Collisions of antiprotons with hydrogen molecular ions

TL;DR

This study presents detailed calculations of ionization and excitation cross sections for antiprotons colliding with hydrogen molecular ions across a wide energy range, using advanced quantum mechanical approximations.

Contribution

It introduces an efficient method using three molecular orientations to accurately compute ionization cross sections, reducing computational effort significantly.

Findings

Accurate ionization cross sections obtained with minimal orientations.

Validation against previous results shows high agreement.
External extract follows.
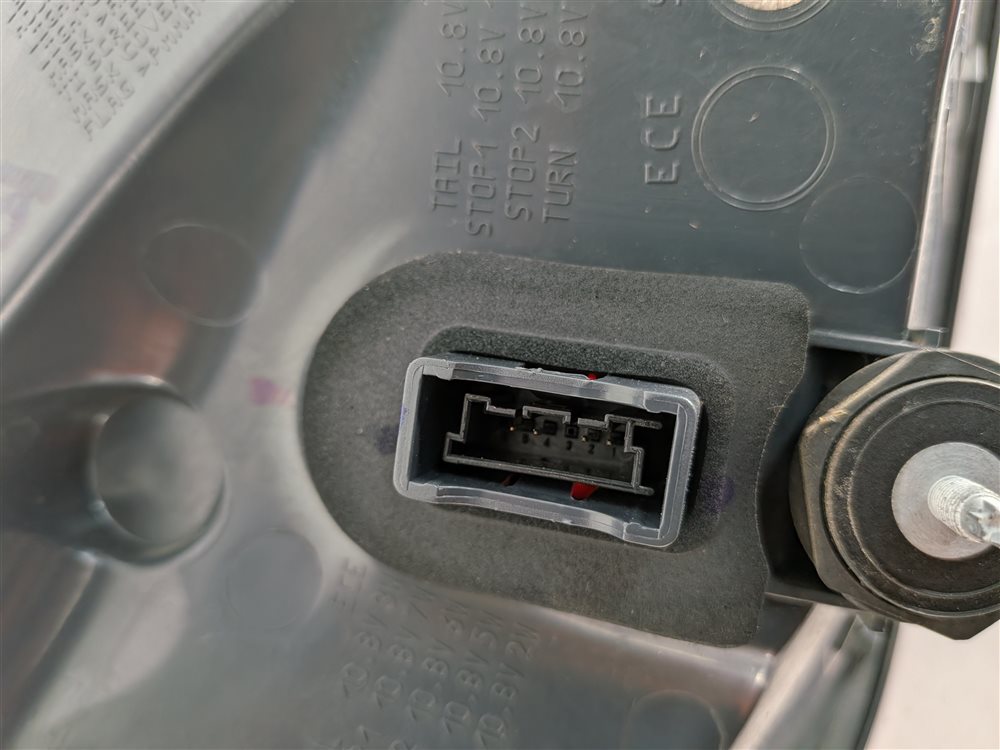 Thumbnail 9: 12-19 BMW 640i 650i M6 ///M (F06 F12 F13) RIGHT PASSENGER TAILLIGHT BRAKE LIGHT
Approximate double ionization and H+ production cross sections using the independent-event model.

Abstract

Time-dependent close-coupling calculations of the ionization and excitation cross section for antiproton collisions with molecular hydrogen ions are performed in an impact-energy range from 0.5 keV to 10 MeV. The Born-Oppenheimer and Franck-Condon approximations as well as the impact parameter method are applied in order to describe the target molecule and the collision process. It is shown that three perpendicular orientations of the molecular axis with respect to the trajectory are sufficient to accurately reproduce the ionization cross section calculated by [Sakimoto, Phys. Rev. A 71, 062704 (2005)] reducing the numerical effort drastically. The independent-event model is employed to approximate the cross section for double ionization and H+ production in antiproton collisions with H2.